EXTRACTED DATA Block Start
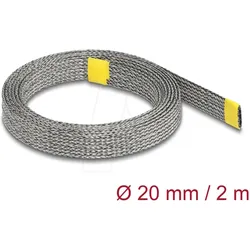DELOCK 20939 - Geflechtschlauch zur EMI Abschirmung dehnbar 2 m x 20 mm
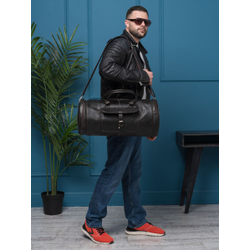 Кожаная дорожная сумка Belforte brown (арт. 4011-04)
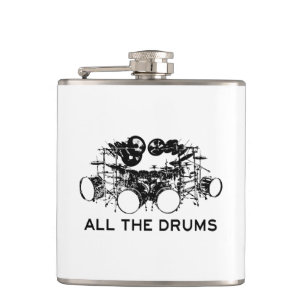 Alle drums Drummer Heupfles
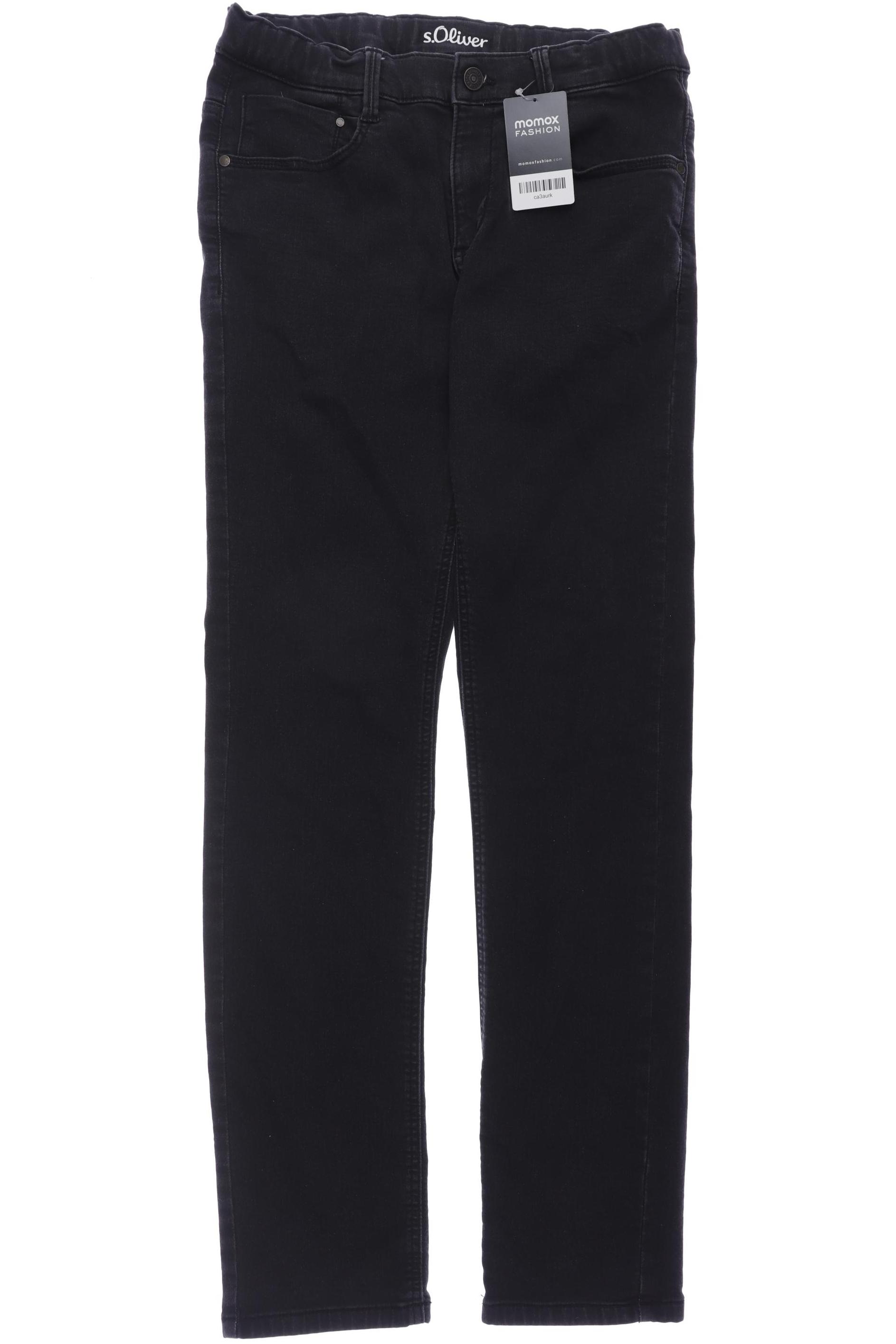 

s.Oliver Jungen Jeans, schwarz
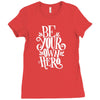 be your own hero Ladies Fitted T-Shirt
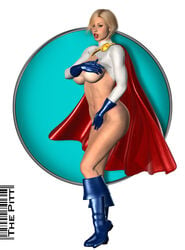 1girls 3d dc power_girl solo solo_female the_pitt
EXTRACTED DATA Block End
### TASK DIRECTIONS:
Beginning with the line that holds "s.Oliver Jungen Jeans, schwarz", return each line through the end of the records above exactly. Do not include pictures.

### SOLUTION TO THIS TASK:
s.Oliver Jungen Jeans, schwarz
 be your own hero Ladies Fitted T-Shirt
 1girls 3d dc power_girl solo solo_female the_pitt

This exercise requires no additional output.